L'histoire :
Jose Luis Borges arrive en compagnie de sa fiancée, Norah Lange, dans la maison familiale de celle-ci, à Buenos Aires. Ils sont attendus à une soirée, et Norah se fait belle. Mais « Georgie », comme elle l’appelle, traîne devant la bibliothèque, comme hypnotisé. Il est rêveur, romantique et adore la jeune femme. On sent qu’il l’agace un peu lorsqu’il lui déclare qu’elle est sa muse. Elle ne veut pas être adorée. Elle est aussi un écrivain. Quand ils arrivent à la réception donnée en l’honneur de Ricardo Güiraldes, il lui présente un pote obscur, fanfaron et mondain, Girondo. Mais l’homme est un viveur, il transpire la vie et le bonheur et la jeune femme en tombe immédiatement amoureuse. Elle part à la fin de la soirée avec le poète, laissant le jeune Borges seul. Leur histoire est sur le point de se terminer. Il dédicacera l’Histoire Universelle de l’Infamie à « une anglaise, innombrable et un ange. » Il se souvient de son enfance, et aussi loin qu’il se souvient, il voit une bibliothèque. Celle de son père, labyrinthe infini…
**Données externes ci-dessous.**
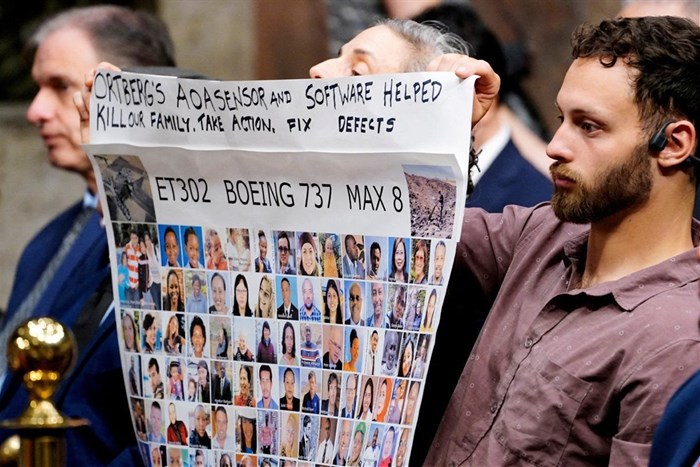 People hold a banner with pictures of victims of crashed Ethiopian Airlines flight 302 Boeing 737 Max 8 during Senate Commerce, Science, and Transportation Committee hearing about Boeing’s commitment to address safety concerns in the wake of a January 2024 mid-air emergency involving a new 737 Max, on Capitol Hill in Washington, DC, US, 2 April 2025. Reuters/Ken Cedeno/File Photo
Ce qu'on en pense sur la planète BD :
Jose Luis Borges est l’un des monuments de la littérature mondiale. Aveugle dans ses vieilles années, comme son père, avocat, Borges est passionné de livres et de bibliothèques au point de travailler comme commis à la bibliothèque nationale de Buenos Aires. Après la révolution de 55, il devient le directeur de la bibliothèque nationale, alors qu’il est aveugle. Oscar Pantoja, le scénariste colombien de ce roman graphique, livre une biographie qui mêle la vie du romancier et auteur de nouvelles avec ses œuvres, notamment Aleph, Le livre des sables, Fictions… La passion, l’obsession des livres et des bibliothèques, le rapport de la bibliothèque au labyrinthe, mais aussi la déception amoureuse, sont des thématiques que l’auteur a souhaité faire se croiser dans ce livre. Le parti-pris graphique de Nicolas Castell est plus difficile à lire. Admirateur de Moebius et d’Odomo, il mêle des influences mangas et européennes. Ses doubles pages oniriques, qui illustrent les épiphanies du poète, sont riches et somptueuses. Mais son récit est neutre, sans saveur, sa ligne claire est triste, ses couleurs manquent un peu d’humanité. On imagine aisément que Castell a souhaité illustrer le caractère sombre et triste d’un homme né au milieu des livres, amoureux sérieux et ordonné, capable de fulgurances fantastiques. Mais le lecteur a du mal à se reconnaître dans ce choix-là. Reste que le séquençage est maîtrisé et que Castell nous livre de nombreux plans et effets de point de vue. Le récit de Pantoja est mature, assez minimaliste, et les mots de Borges rejoignent souvent ceux de l’auteur, dans un exercice beau et léger. L’ensemble est agréable mais, infiniment hybride, ne donne pas vraiment l’impression d’être un objet fini en soi.